_WHAT IS REQUIRED_
Nothing but the lines below between the line holding "For Motorola Moto" and the line holding "Love Heart Leopard", inclusive, should appear in the answer, each set down exactly.

_RECORDS SUPPLIED_
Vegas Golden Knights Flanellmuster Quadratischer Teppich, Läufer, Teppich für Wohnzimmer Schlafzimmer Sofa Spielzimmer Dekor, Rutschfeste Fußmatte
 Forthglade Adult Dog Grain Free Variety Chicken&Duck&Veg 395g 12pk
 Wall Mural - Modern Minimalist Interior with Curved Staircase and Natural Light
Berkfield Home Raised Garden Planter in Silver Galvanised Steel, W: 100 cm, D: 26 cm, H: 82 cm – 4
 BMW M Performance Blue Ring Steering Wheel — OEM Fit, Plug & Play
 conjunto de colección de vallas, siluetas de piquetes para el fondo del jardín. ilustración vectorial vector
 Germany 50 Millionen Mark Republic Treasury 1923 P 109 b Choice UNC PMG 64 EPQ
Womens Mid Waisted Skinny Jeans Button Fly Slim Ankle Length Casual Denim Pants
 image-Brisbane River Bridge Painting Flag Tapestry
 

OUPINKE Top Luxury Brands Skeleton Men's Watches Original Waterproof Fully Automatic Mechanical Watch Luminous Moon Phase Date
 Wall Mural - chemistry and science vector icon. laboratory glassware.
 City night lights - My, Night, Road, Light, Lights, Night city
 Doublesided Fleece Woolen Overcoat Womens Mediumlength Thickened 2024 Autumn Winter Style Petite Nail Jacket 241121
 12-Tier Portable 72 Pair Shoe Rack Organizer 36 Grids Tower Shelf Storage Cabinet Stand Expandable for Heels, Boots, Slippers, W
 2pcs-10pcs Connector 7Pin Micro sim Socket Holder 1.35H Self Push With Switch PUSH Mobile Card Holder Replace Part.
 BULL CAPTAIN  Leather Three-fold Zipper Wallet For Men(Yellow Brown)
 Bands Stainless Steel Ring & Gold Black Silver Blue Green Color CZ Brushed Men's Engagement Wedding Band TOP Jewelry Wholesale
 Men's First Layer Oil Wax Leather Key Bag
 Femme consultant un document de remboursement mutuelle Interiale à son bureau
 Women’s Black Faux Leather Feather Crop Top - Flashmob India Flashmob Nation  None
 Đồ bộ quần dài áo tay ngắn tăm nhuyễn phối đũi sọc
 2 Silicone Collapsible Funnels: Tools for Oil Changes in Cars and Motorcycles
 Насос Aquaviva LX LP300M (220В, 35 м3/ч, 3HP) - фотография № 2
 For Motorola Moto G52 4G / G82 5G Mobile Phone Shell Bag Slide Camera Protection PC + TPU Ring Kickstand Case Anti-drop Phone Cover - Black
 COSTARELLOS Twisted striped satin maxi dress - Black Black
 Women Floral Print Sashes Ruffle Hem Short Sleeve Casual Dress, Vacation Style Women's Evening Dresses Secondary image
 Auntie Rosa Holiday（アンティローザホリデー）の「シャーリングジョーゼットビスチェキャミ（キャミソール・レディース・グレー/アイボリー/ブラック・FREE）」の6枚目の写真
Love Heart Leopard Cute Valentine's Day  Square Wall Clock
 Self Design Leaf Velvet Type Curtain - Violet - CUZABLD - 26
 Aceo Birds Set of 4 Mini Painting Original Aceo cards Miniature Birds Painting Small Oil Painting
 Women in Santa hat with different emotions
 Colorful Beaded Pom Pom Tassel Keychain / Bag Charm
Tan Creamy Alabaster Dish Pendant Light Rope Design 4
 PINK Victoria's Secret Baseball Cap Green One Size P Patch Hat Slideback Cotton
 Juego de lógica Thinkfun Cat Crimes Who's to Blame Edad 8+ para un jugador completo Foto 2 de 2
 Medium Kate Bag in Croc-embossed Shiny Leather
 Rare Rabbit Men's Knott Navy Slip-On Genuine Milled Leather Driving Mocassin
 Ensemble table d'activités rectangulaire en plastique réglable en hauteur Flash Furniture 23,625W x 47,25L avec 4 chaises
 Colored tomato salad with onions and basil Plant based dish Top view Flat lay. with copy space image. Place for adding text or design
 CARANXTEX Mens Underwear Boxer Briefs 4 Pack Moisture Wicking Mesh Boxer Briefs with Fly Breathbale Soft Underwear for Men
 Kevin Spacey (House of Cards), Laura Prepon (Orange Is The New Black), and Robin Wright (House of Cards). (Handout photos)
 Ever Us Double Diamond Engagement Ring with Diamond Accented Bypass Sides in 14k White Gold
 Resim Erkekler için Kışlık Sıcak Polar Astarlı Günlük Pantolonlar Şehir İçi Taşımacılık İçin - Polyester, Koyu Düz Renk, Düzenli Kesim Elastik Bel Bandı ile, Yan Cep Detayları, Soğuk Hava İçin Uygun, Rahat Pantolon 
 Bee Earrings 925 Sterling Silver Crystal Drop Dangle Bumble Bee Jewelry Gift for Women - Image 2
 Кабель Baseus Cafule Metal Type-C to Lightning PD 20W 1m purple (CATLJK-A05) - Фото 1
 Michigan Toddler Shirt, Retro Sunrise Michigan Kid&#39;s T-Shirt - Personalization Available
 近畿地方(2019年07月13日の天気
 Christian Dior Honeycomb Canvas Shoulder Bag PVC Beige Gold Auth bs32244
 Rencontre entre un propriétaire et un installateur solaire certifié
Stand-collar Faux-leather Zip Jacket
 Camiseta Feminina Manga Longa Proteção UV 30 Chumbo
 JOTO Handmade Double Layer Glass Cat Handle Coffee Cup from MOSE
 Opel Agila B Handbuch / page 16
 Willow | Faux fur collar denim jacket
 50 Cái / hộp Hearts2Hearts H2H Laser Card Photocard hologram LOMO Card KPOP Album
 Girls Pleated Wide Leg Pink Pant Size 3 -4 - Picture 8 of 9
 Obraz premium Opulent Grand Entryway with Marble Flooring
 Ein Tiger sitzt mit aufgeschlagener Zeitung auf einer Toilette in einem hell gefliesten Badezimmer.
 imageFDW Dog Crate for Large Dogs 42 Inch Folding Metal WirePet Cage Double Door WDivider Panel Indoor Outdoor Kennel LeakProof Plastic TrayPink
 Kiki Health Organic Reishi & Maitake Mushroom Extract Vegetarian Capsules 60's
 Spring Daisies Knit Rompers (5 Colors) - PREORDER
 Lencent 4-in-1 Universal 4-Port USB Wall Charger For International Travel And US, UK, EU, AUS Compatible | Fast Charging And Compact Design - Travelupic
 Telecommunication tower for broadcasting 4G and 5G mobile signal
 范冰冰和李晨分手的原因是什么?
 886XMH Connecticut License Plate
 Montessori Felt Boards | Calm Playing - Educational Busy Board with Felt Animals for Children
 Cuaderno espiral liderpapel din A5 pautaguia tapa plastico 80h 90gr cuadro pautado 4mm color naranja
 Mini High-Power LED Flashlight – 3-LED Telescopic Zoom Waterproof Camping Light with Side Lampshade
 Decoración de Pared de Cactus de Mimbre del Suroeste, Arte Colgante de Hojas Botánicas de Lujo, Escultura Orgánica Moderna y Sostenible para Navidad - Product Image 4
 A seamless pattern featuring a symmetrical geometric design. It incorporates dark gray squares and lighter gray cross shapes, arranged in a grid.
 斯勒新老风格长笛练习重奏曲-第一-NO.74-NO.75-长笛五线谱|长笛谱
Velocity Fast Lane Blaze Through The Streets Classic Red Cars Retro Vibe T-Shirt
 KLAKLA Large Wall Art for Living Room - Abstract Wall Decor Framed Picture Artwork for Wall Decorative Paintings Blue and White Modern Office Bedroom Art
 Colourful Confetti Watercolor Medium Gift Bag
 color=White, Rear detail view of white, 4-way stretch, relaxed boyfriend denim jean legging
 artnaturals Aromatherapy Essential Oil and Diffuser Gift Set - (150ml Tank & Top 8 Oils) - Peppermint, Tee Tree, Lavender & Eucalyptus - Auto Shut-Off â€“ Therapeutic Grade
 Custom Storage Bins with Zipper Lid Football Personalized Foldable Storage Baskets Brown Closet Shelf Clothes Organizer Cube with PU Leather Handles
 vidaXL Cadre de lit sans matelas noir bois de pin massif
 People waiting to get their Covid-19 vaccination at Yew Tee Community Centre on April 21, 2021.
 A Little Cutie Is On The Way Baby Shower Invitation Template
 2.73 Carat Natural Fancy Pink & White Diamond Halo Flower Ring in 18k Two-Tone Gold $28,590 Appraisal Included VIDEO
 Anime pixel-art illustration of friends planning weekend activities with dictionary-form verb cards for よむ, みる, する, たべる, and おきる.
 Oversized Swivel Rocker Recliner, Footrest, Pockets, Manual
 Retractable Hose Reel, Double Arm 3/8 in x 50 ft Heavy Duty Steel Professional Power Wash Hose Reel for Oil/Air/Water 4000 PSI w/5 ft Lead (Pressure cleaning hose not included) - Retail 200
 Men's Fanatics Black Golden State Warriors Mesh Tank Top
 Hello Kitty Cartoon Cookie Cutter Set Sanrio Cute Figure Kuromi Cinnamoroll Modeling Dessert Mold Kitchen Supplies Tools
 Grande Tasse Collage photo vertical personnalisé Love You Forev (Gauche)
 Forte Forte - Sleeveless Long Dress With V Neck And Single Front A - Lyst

_WRITTEN RESPONSE_
 For Motorola Moto G52 4G / G82 5G Mobile Phone Shell Bag Slide Camera Protection PC + TPU Ring Kickstand Case Anti-drop Phone Cover - Black
 COSTARELLOS Twisted striped satin maxi dress - Black Black
 Women Floral Print Sashes Ruffle Hem Short Sleeve Casual Dress, Vacation Style Women's Evening Dresses Secondary image
 Auntie Rosa Holiday（アンティローザホリデー）の「シャーリングジョーゼットビスチェキャミ（キャミソール・レディース・グレー/アイボリー/ブラック・FREE）」の6枚目の写真
Love Heart Leopard Cute Valentine's Day  Square Wall Clock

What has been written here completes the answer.